As the trend for wearable bioinformatic sensors continues to increase, researchers pursue integrating knowledge of the human body into the design of a simpler sensory system. By observing the consistency and discrepancy of human behavior, insight can be gained on how to design a monitoring architecture and what content to monitor. Because no two human individuals are identical, it is important to capture consistency among people based on an all-inclusive understanding. The first step of monitoring is to quantify the behavior. Because there is a limitation to a commercial motion capturing system, a durable sensory system, the Smartshoe, is designed to remotely record and measure ground contact force (GCF). The recorded data is locally processed by the hardware’s computing unit and a non-blocking software architecture regulates the data rate of the recording. The accuracy and repeatability of GCF measurements with the piezoelectric sensor are demonstrated. The detailed schematic design is also explained in the text. A graphical user interface (GUI) is designed to show the real-time applicability of the software.

An optimal sensor location consistently differentiates distinct human movements and requires a minimal usage of the computational resource. Drawing inspiration from L1 regularization in classification problems, the use of feature selection results is an optimal sensor layout for gait phase estimation.

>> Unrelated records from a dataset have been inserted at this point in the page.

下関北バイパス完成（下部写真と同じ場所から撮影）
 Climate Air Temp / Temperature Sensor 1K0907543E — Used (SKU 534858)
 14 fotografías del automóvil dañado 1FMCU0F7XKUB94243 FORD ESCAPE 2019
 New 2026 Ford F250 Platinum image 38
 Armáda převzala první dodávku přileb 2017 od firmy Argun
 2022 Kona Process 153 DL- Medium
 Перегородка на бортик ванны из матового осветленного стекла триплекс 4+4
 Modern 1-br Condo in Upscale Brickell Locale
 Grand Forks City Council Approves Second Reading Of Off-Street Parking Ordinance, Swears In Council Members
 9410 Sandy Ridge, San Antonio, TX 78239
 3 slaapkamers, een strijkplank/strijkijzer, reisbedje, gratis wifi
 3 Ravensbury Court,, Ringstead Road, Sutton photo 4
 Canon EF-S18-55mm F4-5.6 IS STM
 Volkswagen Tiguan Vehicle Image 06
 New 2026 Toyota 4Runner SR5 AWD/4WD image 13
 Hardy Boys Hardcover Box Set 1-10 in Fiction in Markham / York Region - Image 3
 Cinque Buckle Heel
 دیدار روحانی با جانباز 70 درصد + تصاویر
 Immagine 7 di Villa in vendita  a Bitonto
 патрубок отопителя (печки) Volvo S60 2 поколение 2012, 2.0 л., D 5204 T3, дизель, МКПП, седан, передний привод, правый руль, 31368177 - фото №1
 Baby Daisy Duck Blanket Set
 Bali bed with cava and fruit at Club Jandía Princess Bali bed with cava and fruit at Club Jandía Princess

The method reveals the significant sensor location involving in the classification and filters out the redundant locations. As a consequence of this optimization, the input complexity is greatly reduced. The results resemble some of the previous choices but also eliminate some redundancy. The estimators' performance of the optimized layout and the anatomic layout are compared and there is no significant disagreement.

Finally, a two-level hierarchical decision framework is proposed for a comprehensive representation of human bipedal behavior. The method decouples behavior identification to two levels, discrete modes and mode-dependent special tasks. The double-peaked GCF pattern is used as a metric to distinguish walking mode from running mode. Support vector machine (SVM) with a moving window is implemented to identify the discrete modes in the first level. In the second level, the mode-dependent tasks are defined under single or multiple modes. In walking mode, a set of two-sided fuzzy logic rules is utilized for robustly recognizing the gait phases. The speed of walking is also estimable by observing the peak-to-valley ratio in the GCF pattern. The diagnosis of touch-based symptoms, on the other hand, are dual-mode specific tasks. Plantar Fasciitis causes a smaller Mid-Stance to Terminal Stance ratio in combination with asymmetric running GCF pattern in the affected side. And finally, the combined performance using the framework shows a robust and accurate analysis of human walking behavior.